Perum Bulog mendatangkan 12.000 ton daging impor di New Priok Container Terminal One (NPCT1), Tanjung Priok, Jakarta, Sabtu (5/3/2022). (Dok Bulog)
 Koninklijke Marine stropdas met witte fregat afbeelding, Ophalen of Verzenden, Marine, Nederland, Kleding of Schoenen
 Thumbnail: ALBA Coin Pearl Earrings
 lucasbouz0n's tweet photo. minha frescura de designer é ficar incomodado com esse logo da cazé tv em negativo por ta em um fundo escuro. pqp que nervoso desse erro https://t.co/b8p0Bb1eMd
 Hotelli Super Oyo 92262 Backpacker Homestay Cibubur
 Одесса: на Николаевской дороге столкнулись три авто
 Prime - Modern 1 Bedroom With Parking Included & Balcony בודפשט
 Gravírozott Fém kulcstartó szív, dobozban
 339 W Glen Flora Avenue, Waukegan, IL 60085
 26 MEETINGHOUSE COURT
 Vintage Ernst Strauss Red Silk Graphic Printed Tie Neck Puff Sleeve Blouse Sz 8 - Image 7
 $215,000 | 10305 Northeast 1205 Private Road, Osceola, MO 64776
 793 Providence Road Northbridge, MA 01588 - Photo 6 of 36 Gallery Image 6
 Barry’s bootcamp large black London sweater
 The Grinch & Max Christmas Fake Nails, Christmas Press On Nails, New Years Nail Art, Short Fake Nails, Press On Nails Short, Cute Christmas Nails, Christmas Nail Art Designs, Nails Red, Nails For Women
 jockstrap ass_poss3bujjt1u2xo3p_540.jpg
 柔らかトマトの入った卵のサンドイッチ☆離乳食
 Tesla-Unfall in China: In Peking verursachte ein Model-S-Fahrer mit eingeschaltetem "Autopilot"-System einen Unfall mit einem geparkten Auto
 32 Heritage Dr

BRIEF:
Every line above from the line with "26 MEETINGHOUSE COURT" to the line with "Barry’s bootcamp large black London sweater" is wanted, ends included; write them out exactly and add no other line.

RESPONSE BOX:
 26 MEETINGHOUSE COURT
 Vintage Ernst Strauss Red Silk Graphic Printed Tie Neck Puff Sleeve Blouse Sz 8 - Image 7
 $215,000 | 10305 Northeast 1205 Private Road, Osceola, MO 64776
 793 Providence Road Northbridge, MA 01588 - Photo 6 of 36 Gallery Image 6
 Barry’s bootcamp large black London sweater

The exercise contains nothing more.